Po pielgrzymce – ks. Franciszek Kamecki

Dużo się dzieje w świecie. Zło pomieszane z dobrem. Zamachy, strzały w przypadkowych bliźnich, uciekinierzy z terenów, gdzie wojny… I w tym papież Franciszek, który był w Polsce i zostawił siebie.

REKLAMA


I tak znajduje się Kościół z papieżem i z jego modlitwą, jego wytrwałym pokazywaniem człowiekowi wartości i celów. I Jezus uwielbiany i poniżany. Częste wytykanie przez złośliwych ludzi, najczęściej młodych, że Kościoła mają dosyć, bo… inkwizycja, bo wyprawy krzyżowe, bo spaleni na stosach… Mówię, broniąc się, że to było kiedyś, że to było powiązane z królami i cesarzami, że dawniej niejeden biskup miał terytorium, był możnowładcą i musiał bronić swego posiadania, więc miał i wojsko. Ale teraz tego nie ma. To wtedy wygadują mi, że gdzie jest Kościół ubogi i pokorny, jaki jest wobec homoseksualizmu, pedofilii, skandali w swoich szeregach etc. I wtedy widzę wspaniałe ruchy religijne – przeciwne słabościom i zniechęceniu – które chcą naprawiać zepsute meble w Kościele i w nas i radykalnie ewangelizować.

Tak było kiedyś, na przykład w czasach św. Franciszka z Asyżu, kiedy zaczęto tworzyć biedne zakony obok bogatych rycerskich. I dzisiaj obok tworzą się grupy, wspólnoty, zgromadzenia. Wielbią Jezusa. Modlą się. Tworzą nowych liderów i apostołów. Nawróceni stają się nowatorami – świeżymi oczami i ustami Kościoła.
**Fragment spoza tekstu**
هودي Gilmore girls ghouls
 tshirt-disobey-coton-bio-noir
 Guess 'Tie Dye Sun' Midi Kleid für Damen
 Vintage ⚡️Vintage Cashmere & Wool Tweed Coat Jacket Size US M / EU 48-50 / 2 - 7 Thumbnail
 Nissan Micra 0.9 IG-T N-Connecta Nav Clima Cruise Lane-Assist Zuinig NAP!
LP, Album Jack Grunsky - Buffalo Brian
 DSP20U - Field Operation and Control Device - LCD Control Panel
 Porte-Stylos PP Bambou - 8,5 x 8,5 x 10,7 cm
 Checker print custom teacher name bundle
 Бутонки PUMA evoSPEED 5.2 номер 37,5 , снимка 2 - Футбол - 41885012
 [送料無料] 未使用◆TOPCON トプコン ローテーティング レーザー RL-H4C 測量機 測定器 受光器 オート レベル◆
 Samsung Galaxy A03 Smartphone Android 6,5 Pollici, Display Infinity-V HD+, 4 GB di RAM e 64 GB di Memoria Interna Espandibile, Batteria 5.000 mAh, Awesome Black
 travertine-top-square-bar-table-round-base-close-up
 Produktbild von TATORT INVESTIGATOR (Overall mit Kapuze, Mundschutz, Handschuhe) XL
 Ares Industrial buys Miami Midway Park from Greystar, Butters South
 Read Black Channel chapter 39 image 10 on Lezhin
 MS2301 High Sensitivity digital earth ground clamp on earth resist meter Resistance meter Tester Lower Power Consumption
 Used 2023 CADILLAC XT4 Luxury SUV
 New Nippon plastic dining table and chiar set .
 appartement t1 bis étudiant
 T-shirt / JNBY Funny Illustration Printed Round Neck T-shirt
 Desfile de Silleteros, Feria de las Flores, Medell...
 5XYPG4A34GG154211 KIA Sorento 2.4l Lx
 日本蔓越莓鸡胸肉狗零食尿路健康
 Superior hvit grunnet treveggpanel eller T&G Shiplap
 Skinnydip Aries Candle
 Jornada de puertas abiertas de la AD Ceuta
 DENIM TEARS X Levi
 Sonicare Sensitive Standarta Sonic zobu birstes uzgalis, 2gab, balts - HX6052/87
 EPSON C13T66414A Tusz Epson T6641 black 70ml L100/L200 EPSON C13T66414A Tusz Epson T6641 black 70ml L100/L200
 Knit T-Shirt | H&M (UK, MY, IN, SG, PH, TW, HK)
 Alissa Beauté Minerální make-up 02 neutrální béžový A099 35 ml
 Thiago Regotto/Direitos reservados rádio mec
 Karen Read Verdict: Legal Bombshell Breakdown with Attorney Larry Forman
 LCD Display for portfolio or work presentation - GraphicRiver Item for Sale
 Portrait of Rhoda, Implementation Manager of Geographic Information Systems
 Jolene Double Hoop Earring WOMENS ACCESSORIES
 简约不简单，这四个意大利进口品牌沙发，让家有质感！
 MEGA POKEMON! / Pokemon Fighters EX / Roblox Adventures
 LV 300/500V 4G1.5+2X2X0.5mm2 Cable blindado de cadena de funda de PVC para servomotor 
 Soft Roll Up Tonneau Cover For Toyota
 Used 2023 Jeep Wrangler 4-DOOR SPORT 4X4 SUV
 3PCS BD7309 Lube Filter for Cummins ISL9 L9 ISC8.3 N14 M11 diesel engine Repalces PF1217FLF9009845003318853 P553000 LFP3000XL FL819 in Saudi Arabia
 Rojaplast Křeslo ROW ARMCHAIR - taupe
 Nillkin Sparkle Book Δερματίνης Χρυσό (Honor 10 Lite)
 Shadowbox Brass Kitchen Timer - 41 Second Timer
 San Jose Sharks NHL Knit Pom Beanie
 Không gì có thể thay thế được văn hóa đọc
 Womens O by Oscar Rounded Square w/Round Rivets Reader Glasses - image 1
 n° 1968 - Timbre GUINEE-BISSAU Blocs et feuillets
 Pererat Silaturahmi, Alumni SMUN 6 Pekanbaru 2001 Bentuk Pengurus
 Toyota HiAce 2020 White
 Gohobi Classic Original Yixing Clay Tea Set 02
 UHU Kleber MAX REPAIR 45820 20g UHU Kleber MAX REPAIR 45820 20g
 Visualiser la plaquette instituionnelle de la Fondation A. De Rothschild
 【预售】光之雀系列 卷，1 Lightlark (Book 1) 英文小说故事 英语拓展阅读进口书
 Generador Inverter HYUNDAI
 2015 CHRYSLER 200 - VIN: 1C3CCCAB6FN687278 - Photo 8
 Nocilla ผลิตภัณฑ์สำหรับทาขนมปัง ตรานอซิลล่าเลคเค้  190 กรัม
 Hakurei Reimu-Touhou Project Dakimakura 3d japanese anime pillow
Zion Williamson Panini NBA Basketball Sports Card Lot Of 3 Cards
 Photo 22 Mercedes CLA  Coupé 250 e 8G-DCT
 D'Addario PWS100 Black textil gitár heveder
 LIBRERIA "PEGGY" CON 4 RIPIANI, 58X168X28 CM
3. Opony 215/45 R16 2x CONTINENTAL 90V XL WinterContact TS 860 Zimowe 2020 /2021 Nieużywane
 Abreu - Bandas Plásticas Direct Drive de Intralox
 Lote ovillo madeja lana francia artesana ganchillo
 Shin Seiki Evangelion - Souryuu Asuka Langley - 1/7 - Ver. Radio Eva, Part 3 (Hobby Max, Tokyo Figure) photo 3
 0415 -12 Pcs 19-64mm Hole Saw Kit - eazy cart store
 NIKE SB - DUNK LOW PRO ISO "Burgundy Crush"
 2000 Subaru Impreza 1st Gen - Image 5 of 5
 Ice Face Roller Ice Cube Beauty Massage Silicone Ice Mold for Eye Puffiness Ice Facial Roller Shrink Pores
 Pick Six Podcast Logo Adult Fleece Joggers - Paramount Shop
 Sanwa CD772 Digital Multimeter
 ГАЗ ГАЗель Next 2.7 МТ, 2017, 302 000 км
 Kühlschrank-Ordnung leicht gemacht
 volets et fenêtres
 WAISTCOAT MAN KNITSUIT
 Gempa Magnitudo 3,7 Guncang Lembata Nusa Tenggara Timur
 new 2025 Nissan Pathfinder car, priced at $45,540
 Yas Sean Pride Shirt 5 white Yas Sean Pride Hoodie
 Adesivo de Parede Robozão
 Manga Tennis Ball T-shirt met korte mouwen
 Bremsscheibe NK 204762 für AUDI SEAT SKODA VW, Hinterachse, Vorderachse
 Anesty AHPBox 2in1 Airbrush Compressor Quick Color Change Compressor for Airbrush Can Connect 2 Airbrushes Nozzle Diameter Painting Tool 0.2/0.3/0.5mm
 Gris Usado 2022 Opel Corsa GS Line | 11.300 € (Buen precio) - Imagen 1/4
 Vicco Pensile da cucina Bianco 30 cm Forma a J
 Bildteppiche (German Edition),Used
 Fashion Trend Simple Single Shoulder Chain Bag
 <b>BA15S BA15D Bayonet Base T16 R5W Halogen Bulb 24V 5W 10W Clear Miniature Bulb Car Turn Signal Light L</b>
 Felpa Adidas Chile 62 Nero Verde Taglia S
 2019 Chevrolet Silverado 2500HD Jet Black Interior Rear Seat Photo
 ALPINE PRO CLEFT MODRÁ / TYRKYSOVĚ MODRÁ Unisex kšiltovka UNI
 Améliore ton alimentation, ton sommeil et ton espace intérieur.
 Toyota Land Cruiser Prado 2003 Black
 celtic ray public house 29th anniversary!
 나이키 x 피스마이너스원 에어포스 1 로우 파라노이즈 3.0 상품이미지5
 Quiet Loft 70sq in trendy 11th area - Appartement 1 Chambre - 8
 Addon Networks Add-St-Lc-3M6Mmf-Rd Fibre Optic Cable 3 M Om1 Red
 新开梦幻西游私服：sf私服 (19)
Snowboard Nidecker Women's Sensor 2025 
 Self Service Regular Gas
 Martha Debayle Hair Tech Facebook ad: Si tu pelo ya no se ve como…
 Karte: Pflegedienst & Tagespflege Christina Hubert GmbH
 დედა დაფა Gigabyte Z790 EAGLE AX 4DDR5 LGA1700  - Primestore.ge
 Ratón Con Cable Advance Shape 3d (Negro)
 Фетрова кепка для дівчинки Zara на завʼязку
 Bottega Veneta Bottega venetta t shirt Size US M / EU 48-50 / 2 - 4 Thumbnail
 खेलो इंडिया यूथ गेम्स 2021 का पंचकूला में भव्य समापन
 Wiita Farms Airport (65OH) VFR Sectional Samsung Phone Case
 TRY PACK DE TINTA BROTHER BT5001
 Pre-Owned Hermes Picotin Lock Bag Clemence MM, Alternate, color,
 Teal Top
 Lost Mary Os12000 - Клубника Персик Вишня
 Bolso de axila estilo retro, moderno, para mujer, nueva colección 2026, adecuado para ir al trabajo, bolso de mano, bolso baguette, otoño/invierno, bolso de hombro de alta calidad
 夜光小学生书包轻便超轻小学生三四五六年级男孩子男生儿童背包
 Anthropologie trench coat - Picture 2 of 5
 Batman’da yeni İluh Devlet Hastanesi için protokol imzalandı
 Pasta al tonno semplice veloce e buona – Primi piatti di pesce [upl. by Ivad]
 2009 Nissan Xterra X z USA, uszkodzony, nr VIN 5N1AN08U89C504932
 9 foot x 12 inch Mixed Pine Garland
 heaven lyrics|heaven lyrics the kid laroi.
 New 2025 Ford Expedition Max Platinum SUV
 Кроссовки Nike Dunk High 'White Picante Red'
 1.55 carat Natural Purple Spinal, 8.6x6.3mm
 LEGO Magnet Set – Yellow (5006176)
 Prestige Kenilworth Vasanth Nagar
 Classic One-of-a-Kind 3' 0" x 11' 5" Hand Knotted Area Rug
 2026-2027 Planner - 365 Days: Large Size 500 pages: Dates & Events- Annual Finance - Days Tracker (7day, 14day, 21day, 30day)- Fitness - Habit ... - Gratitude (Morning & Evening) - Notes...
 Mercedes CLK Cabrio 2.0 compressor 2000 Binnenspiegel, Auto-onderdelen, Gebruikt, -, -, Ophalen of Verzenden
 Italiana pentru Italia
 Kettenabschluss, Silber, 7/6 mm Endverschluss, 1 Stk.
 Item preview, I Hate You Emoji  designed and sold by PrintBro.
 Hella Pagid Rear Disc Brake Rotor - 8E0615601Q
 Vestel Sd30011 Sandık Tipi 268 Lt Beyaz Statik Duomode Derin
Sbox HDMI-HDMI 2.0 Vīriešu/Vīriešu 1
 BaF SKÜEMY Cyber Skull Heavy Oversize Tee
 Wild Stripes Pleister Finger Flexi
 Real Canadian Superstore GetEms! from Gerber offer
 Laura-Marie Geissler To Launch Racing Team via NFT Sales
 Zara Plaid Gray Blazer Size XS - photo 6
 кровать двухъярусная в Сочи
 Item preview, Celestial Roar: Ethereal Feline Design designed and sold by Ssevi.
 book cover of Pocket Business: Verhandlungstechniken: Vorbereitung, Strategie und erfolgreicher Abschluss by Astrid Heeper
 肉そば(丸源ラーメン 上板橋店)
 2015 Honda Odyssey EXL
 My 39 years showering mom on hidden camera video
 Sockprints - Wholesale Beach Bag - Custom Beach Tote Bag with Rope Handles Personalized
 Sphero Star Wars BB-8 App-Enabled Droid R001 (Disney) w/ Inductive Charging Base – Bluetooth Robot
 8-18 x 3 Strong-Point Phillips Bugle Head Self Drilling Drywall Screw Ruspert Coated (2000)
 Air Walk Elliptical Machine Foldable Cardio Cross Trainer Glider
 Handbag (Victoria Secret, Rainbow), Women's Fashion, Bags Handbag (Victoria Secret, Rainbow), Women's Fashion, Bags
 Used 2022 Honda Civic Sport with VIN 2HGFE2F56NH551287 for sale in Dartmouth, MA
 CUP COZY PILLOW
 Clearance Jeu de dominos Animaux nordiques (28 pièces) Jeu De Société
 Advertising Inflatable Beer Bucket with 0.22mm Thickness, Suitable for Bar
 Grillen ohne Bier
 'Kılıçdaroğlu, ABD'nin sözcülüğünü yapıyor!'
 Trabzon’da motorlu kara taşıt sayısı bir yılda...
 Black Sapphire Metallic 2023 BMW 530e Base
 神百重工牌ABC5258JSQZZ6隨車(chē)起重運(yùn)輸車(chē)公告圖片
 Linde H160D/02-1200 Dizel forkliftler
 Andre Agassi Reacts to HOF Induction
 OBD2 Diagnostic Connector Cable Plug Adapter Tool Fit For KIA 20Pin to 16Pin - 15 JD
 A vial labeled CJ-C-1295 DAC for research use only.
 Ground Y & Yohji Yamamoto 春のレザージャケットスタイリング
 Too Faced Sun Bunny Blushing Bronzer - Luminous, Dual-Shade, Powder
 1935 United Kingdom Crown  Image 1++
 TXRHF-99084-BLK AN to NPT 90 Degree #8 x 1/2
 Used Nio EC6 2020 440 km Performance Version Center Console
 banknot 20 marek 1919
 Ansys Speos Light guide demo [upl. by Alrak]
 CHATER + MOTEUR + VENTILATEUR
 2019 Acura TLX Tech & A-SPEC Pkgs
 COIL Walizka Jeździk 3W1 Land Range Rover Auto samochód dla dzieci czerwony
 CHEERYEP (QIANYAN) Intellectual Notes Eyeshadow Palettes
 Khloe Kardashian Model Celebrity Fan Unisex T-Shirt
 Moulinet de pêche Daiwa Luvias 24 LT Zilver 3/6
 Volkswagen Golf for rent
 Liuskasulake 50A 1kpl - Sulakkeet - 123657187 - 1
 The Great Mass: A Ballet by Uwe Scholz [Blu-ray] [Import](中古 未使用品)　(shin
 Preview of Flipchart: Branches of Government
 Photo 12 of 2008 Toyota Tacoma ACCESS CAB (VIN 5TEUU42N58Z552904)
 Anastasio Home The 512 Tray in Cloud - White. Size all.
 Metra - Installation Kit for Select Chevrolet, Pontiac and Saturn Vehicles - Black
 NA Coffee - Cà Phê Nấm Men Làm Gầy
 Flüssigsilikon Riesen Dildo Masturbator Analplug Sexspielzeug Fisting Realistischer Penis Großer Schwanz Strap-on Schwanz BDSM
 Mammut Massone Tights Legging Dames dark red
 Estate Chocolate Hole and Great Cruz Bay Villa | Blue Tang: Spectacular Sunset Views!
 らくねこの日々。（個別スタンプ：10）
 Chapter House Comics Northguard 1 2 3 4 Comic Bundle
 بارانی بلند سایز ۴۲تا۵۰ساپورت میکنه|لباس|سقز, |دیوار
Bardzo śledzę te ruchy. I jak mogę, to i uczestniczę w nich lub je wspieram. Raczej uczestniczyłem. Trochę. Teraz, na emeryturze, przecież już nie. Bo bym mógł coś popsuć Kościołowi. Tak się słyszy o emerytach duchownych. Są zbędni. Nie ma wobec nich oferty. Też są obok – jak te nowe ruchy. Co możemy robić? Możemy choćby przepraszać.

Dziennikarze zapytali Franciszka o słowa kard. Reinharda Marxa, przewodniczącego niemieckiego episkopatu, który stwierdził, że katolicy powinni przeprosić homoseksualistów za przyczynienie się do ich marginalizacji.

Słowa te padły w kontekście masakry w klubie gejowskim w Orlando. „Kościół musi przeprosić za to, że nie zachowywał się wiele razy tak, jak powinien. Kiedy mówię Kościół, mam na myśli chrześcijan, ponieważ Kościół jest święty. Wszyscy jesteśmy grzesznikami. Wszyscy musimy przeprosić” – stwierdził Papież. „Katechizm mówi jasno. Nie można dyskryminować. Należy respektować i duszpastersko towarzyszyć” – powiedział.

Papież wyznał, że dorastał w Argentynie, w „zamkniętej katolickiej kulturze”, gdzie „dobrzy katolicy nie wpuszczali do domów osób rozwiedzionych”. „Dzięki Bogu, ta kultura się zmieniła”, przyznał Franciszek. Mój pierwszy proboszcz także mi zalecał, abym podczas kolędy pomijał domy małżeństw bez ślubu kościelnego. Nie potrafiłem tego zalecenia wykonać. Przecież w tych domach były małe dzieci, dziadkowie. Ale to było 52 lata temu. Spojrzenie na te problemy całkowicie się w Kościele zmieniło. Ale u kapłanów słyszy się jeszcze o niechęci i o formach organizacyjnych przy I Komunii św., które piętnują rozwiedzionych. I u młodych to słyszę.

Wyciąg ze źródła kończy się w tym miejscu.